(TASK PROMPT)
Skip the pictures. Transcribe the rest of the data below without changing a word.

(SUPPLIED MATERIAL)
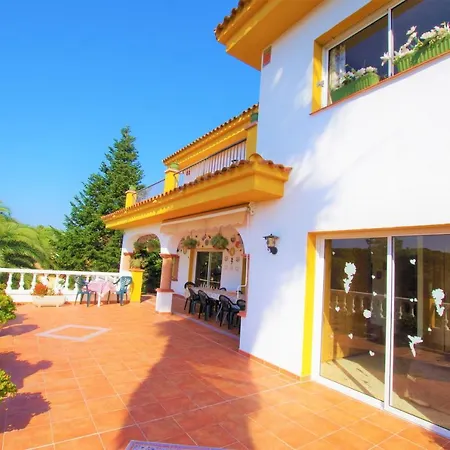 Vacances & Villas Lloret-Villa Dali וילה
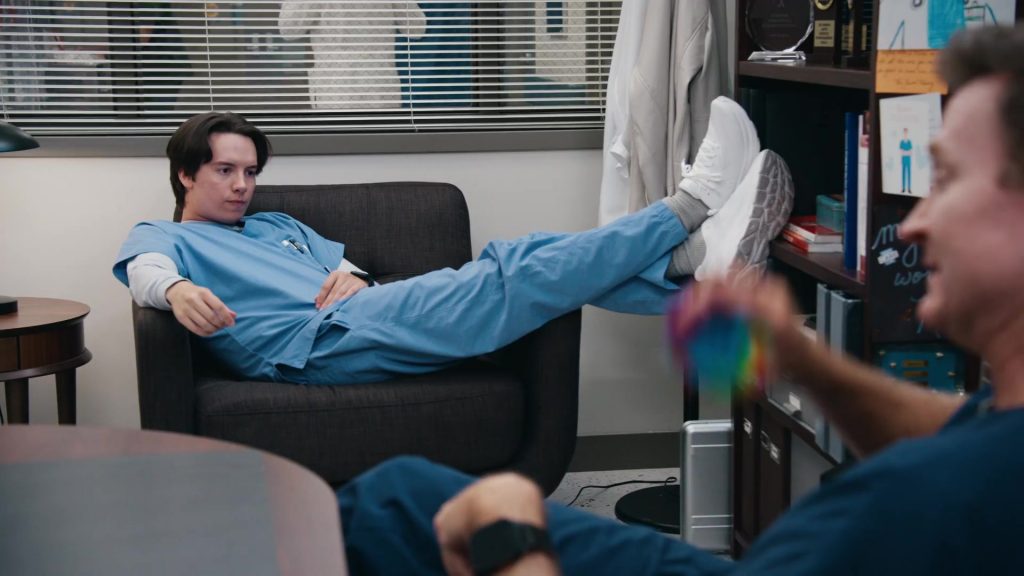 Hoka Clifton 10 running shoes in St. Denis Medical S02E07 “No Wonder His Kidney Wants Out” (2025) (Image 1)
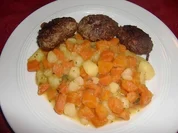 Möhrengemüse mit Frikadellen à la Heiko - Rezept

(OUTPUT BELOW)
 Vacances & Villas Lloret-Villa Dali וילה
 Hoka Clifton 10 running shoes in St. Denis Medical S02E07 “No Wonder His Kidney Wants Out” (2025) (Image 1)
 Möhrengemüse mit Frikadellen à la Heiko - Rezept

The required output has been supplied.